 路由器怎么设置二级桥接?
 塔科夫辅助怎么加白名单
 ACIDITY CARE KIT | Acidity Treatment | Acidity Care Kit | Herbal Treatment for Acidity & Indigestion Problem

§ **YOUR ASSIGNMENT**:
Every line above should be printed again exactly as it stands.

§ **RESPONSE**:
 路由器怎么设置二级桥接?
 塔科夫辅助怎么加白名单
 ACIDITY CARE KIT | Acidity Treatment | Acidity Care Kit | Herbal Treatment for Acidity & Indigestion Problem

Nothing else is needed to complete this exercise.